My Mother’s Hands

 

In a previous blog (“About the Inheritors”), I talked about how the themes of my life emerge as I write, and more specifically, in The Inheritors, the very American experience of moving between cultures and classes. As I wrote about Carla, Alicia’s mother, I suddenly had a vision of my own mother standing at the kitchen sink one blistering hot Chicago day, sweat pouring down her face, her hands an angry red as she scrubbed a pot.

My mother hated her hands. Too big, she said. And knobby. To often reddened and nicked. A farmer’s hands that marked Mothers handsher as from another place. All wrong for academic teas and women’s clubs, where she’d look around at those soft white dainty hands that lay quietly in well-clad laps, tasteful rings sparkling.

It wasn’t that she had no friends. The half dozen women who gathered at our house to sew and talk all loved her. Their friendship held steady for years. Each first-born grandchild has a quilt, blocked, embroidered, and initialed by the members. Still, I never remember a time she didn’t look around at the delicate fingers, stitching away as they talked, and speak angrily about her own.

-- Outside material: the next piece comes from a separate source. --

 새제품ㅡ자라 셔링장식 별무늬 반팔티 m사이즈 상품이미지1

Mind you, she was a fine seamstress. She sewed everything we wore, from pajamas to winter coats to wedding dresses. They handled everything from canvas to silk. Dexterity was not the issue. It was place. She wasn’t one of them, and she was deaf to their admiration. Though she lived more than a half century among them, she remained a South Dakota preacher’s daughter set down among the academic elite. Her hands told the story.

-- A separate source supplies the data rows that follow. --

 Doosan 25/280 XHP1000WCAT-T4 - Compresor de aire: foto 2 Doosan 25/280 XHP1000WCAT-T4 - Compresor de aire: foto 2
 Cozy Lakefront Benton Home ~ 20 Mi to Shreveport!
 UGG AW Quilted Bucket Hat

I remember them beating egg-whites or cake batter, helping puppies to be born. I see them growing red and sore as she plucked pinfeathers and cleaned the insides of the Thanksgiving turkey. I see them glowing in the steam at the boiler, bleaching my father’s white shirts, wringing out dishrags and mops, scrubbing Chicago soot from walls and floors and windows. I have no memory of them at rest. And, of course, I remember them at the sewing machine where their size did look awkward as she threaded needles or handled lace.

Over and over, as my sister and I grew, my mother expressed her relief that our hands were not like hers. Our hands, plus our slender ankles, marked us as relieved of a grievous burden. We belonged. That, or course, didn’t save us from scrubbing walls, stitching hems, ironing shirts or beating eggs. Though we were occasionally taken to university events as academic offspring, the gothic towers a block away were, for us, simply a place to skate or ride bikes with no regard (yet) for the expectations they immortalized.

The other day a good friend pointed to my mother’s hands in a family wedding picture. They hung at her sides, fingers slightly curled, as though just finished with some task or uncomfortable with such inactivity. “You hold your hands just like that,” she remarked.

I smiled.

I grew up in another age—of automatic washing machines, dishwashers, and an auto in every drive. Chicago no longer heats the coal that coated every surface. My life has had little of the physical hardship that marked my mother’s. But her struggle to live between conflicting cultures has become a recurring theme in my stories. In The Inheritors, the mixed-race Alicia must fight the Sixties call for cultural solidarity, a call that demands she reject one culture or the other. In Nowhere Else To Go (www.judithkirscht.com/books.html), the neighborhood that has blended cultures is torn apart as the culture wars polarize the town.

Most of all, she gave me a deep sense of the strength, dignity, and integrity that came out of that struggle and out of her determination to preserve the strengths of her own background. She has shaped the heroine of many of my tales.